To establish deficient performance, a defendant must show that his attorney “performed at trial in an objectively unreasonable way considering all the circumstances and in the light of prevailing professional norms.” Romer v. State, 293 Ga. 339, 344, 745 S.E.2d 637 (2013). This requires a defendant to overcome “the strong presumption that counsel's performance fell within a wide range of reasonable professional conduct, and that counsel's decisions were made in the exercise of reasonable professional judgment.” Simmons v. State, 299 Ga. 370, 375, 788 S.E.2d 494 (2016) (citation and punctuation omitted). A defendant attempting to carry his burden “must show that no reasonable lawyer would have done what his lawyer did, or would have failed to do what his lawyer did not.” Davis v. State, 299 Ga. 180, 183, 787 S.E.2d 221 (2016). “In particular, decisions regarding trial tactics and strategy may form the basis for an ineffectiveness claim only if they were so patently unreasonable that no competent attorney would have followed such a course.” Id. (citation and punctuation omitted).
To establish prejudice, a defendant must show a reasonable probability that, but for trial counsel's deficiency, the result of the trial would have been different. See Patterson v. State, 314 Ga. 167, 171, 875 S.E.2d 771 (2022). “A reasonable probability is a probability sufficient to undermine confidence in the outcome.” Sullivan, 308 Ga. at 510, 842 S.E.2d 5 (citation and punctuation omitted). “[T]his burden is a heavy one.” Bates, 313 Ga. at 62-63, 867 S.E.2d 140 (citation and punctuation omitted).
Eaker argues that trial counsel was constitutionally ineffective for failing to properly investigate the gun used in Audra's shooting and for failing to raise the defense that that the gun accidentally misfired multiple times based on a single pull of the trigger. However, Eaker has failed to show that trial counsel acted objectively unreasonably in failing to investigate this defense. To begin, and contrary to Eaker's assertion in his brief, there was no evidence presented at the motion-for-new-trial hearing or at trial that it was “well known that Mr. Eaker ‘tinkered’ with his guns.”4 Moreover, Eaker's expert testified at that hearing that the GBI's pretrial report on the murder weapon did not contain any information stating that the gun had been modified or disassembled. Eaker's trial counsel testified that he reviewed the evidence in the case when preparing for trial, which would have included the GBI report on the gun, but that report would not have alerted trial counsel to the possibility of the gun misfiring due to a modification.
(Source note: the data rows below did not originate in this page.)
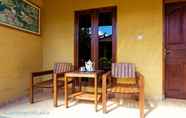 Ruang Umum 3 Desa Wisata Sibetan Homestay by ecommerceloka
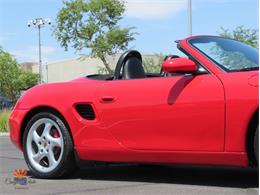 2001 Porsche Boxster (CC-2090481) for sale in Mesa, Arizona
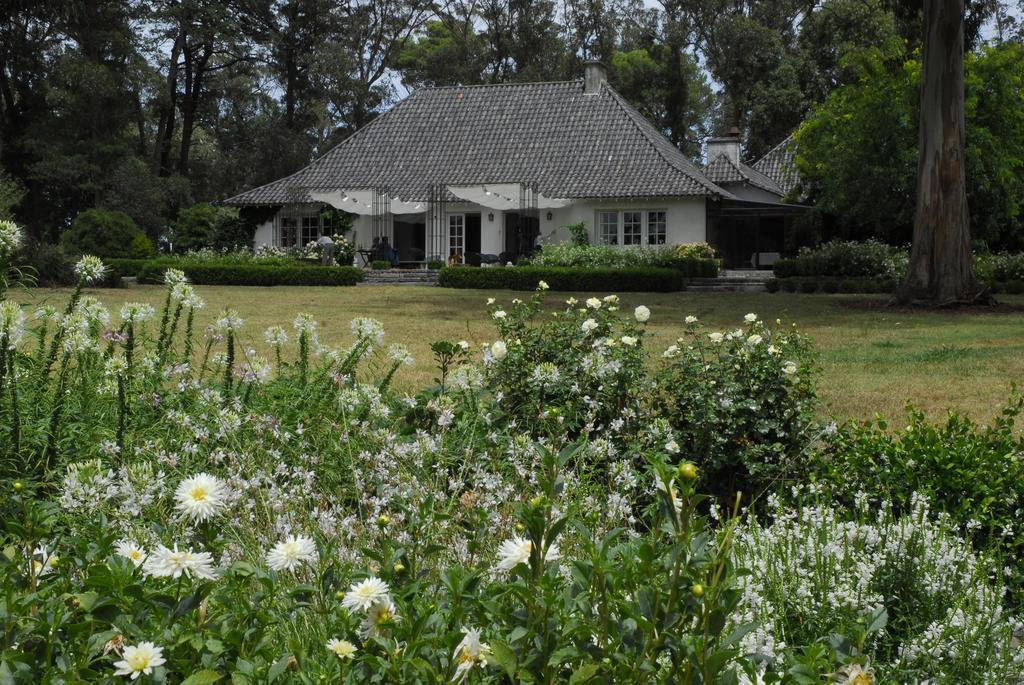 Estancia Ave Maria (Adults Only) Tandil Exterior foto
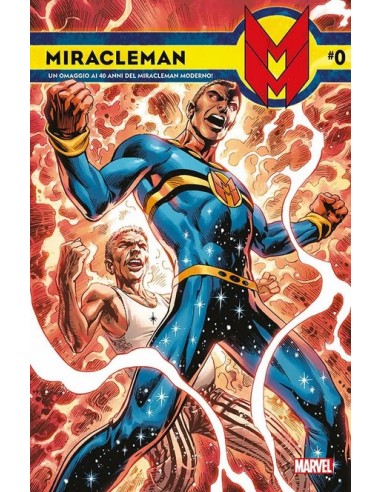 MIRACLEMAN 0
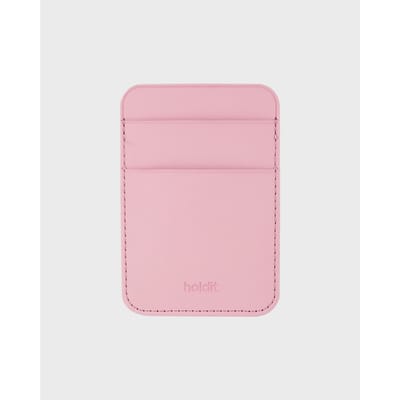 Pink Card Holder Tape
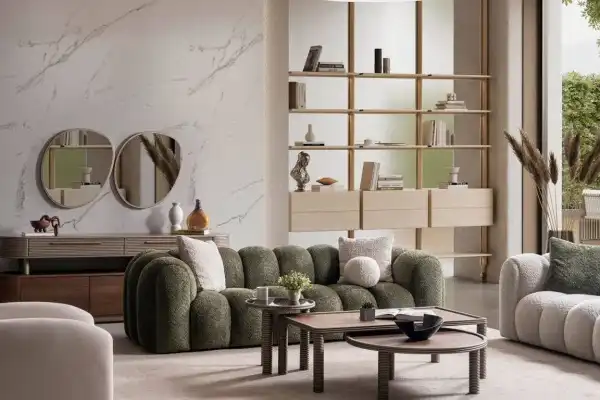 Merlo Koltuk Takımı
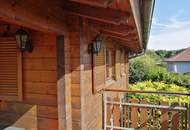 Blockhaus am Scheiblingstein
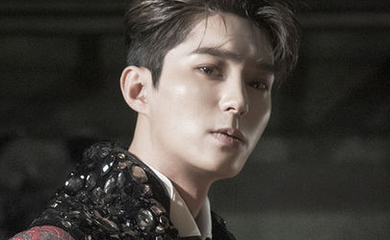 ミュージカル俳優チョン・ドンソク、一般女性との交際を認める…事務所がコメント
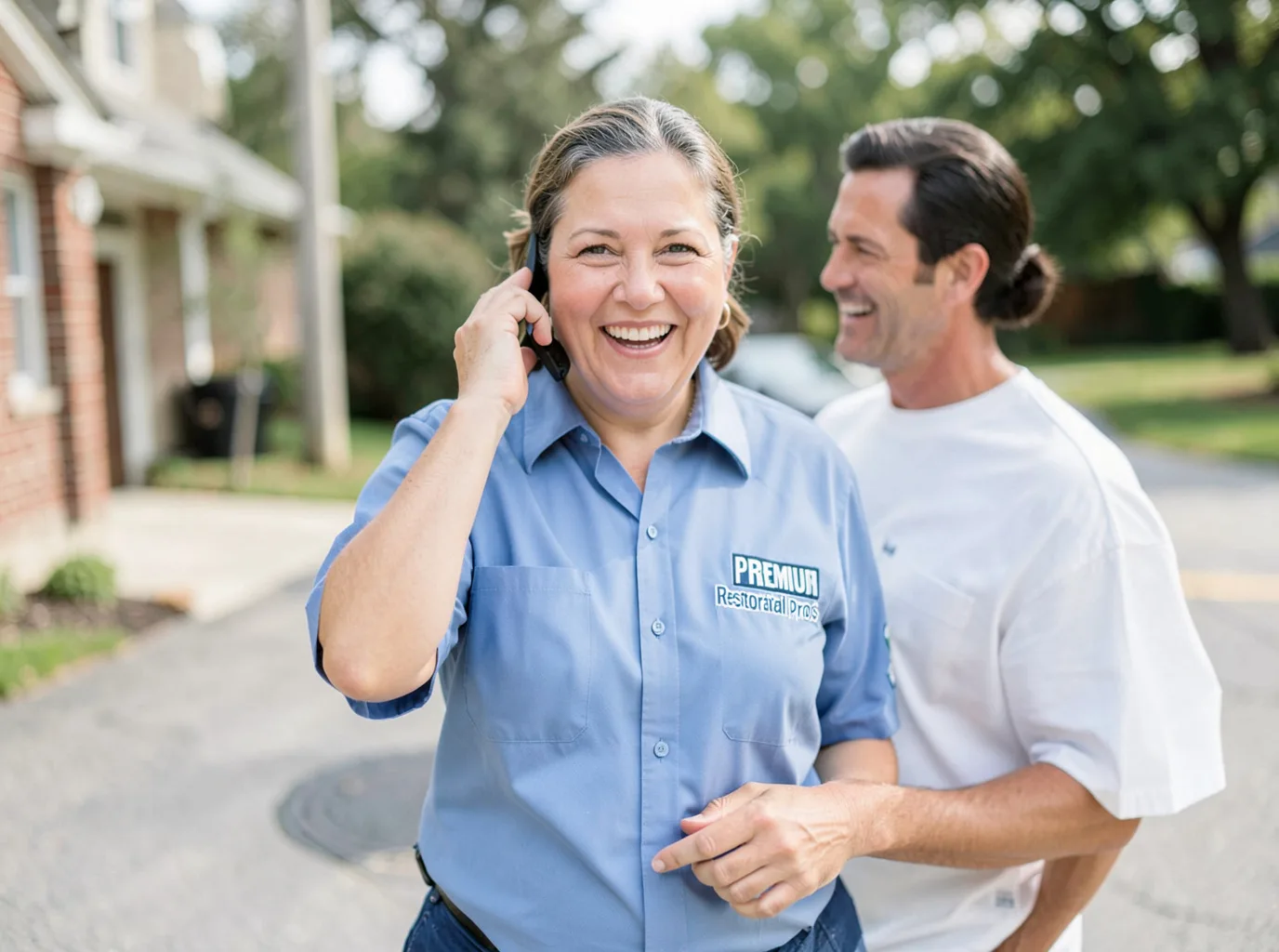 Water Damage Restoration Broadway, NC FAQs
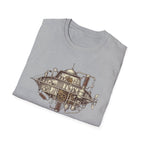 Extraterrestrial Apparatus T-Shirt
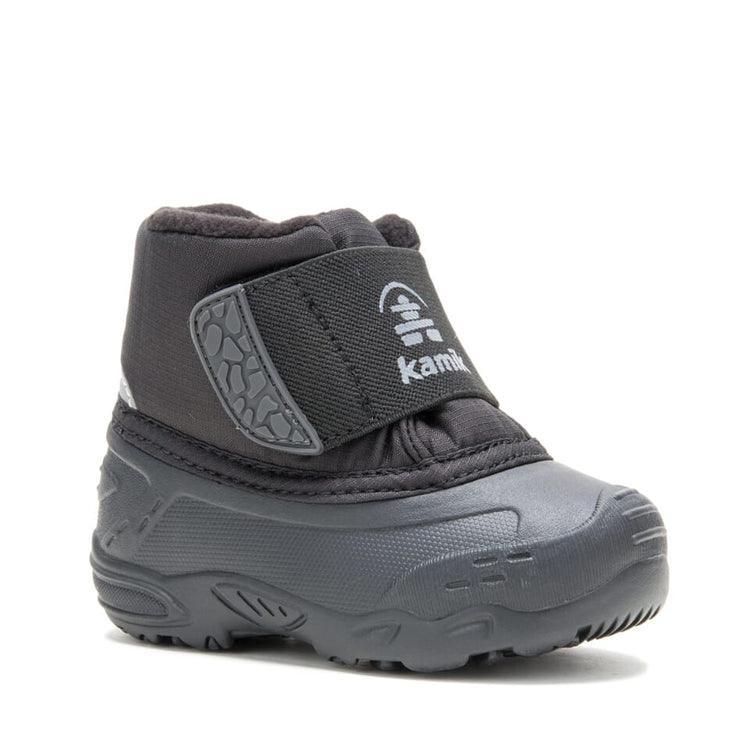 Kamik® - Kamik Wren Lo - Toddler Mid Season & Winter Boots (5T to 10T)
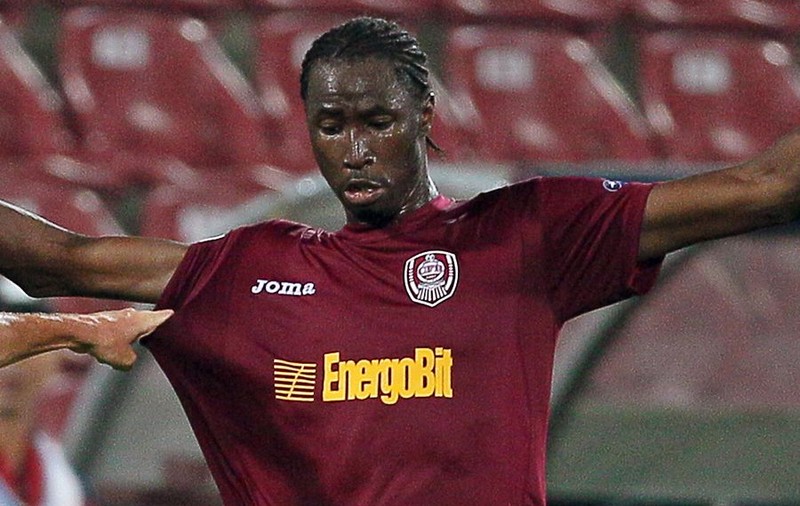 Oltenii, la a treia înfrângere consecutivă | CFR Cluj - U Craiova 2-1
Moreover, at the hearing on Eaker's motion for new trial, Eaker's trial counsel testified that he spent hours with Eaker preparing for trial, which included discussions about the gun, but that he could not definitively recall Eaker telling him that the gun had misfired or been modified. Trial counsel added that if he had received such information, he would have had the gun examined before trial.
Eaker also points to his expert's testimony at the motion-for-new-trial hearing that the five bullet wounds to Audra's head “arced” “up her head” “in almost a straight line,” as well as his testimony that the three bullets that missed Audra hit the roof, sun visor, and windshield of the car, as evidence that should have alerted trial counsel to the possibility that the gun misfired. However, although Eaker's expert described the pattern of shots as “erratic,” he noted that the five bullets that struck Audra did so within three to four inches of each other, and he did not testify that the pattern of the shots indicated a misfire. Moreover, he testified that he was not even “sure” if the gun had been altered in any way, and Eaker's theory of accidental misfiring was premised on the gun having been altered.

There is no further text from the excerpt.